Course at a Glance * 18-hole, par 72 course * Total of 6,431 yards from the tips * Four tees per hole * Scorecard
Bittersweet Golf Club’s 18-hole course winds through mature hardwoods and the brambly grasses of native wetlands, supporting the ecosystem that continues to thrive around the former bird sanctuary. Recent renovations have made the Bittersweet course more playable, a personality shift that earned it the Daily Herald’s 2010 Readers' Choice Award as well as several dates with a local soccer field. The course still retains many of its score-mangling qualities, as evidenced by the presence of water hazards on all but one hole, including two ponds that line the sides of the narrow fairway on the ninth hole, appropriately dubbed “Slim.” Bent-grass greens await clubbers at the opposite end of every tee, sporting a slick surface that can complicate even simple putts. To get golfers in shape for the demanding links, Bittersweet’s pro shop and staff of PGA instructors outfit clients with the skills, apparel, and divot-tool implants needed to hunt pins with confidence.

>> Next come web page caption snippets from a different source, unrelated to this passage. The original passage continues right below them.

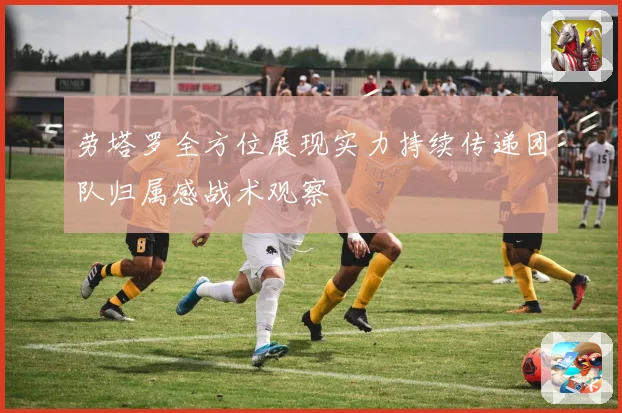 劳塔罗全方位展现实力持续传递团队归属感战术观察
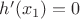 $h'(x_1) = 0$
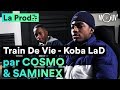 Koba lad  train de vie  comment cosmo  saminex ont cr le hit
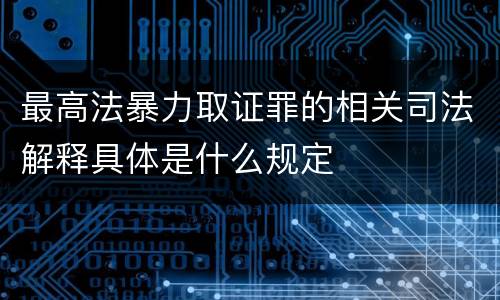 最高法暴力取证罪的相关司法解释具体是什么规定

Sheltered within the picturesque expanse of the Lake County Forest Preserves, Countryside Golf Club gives players a choice between two courses that roll through scenic terrain certified as an Audubon Cooperative Sanctuary. Before taking to either course, golfers can tee off on the driving range, where 30 hitting stations are trimmed with natural turf and synthetic grass grown fresh each season from seedlings of recycled sneakers. The club’s Prairie course and Traditional course are each marked by unique terrain features and challenges. The Prairie course is the longer of the two and eschews trees for wispy shrubbery and open vistas. It demands both hearty drives and accurate approach shots to greens hugged by sand bunkers and unemployed yetis. Through slightly shorter, the Traditional course tasks players with striking precise tee shots from bentgrass tee boxes overlooking tree-lined fairways.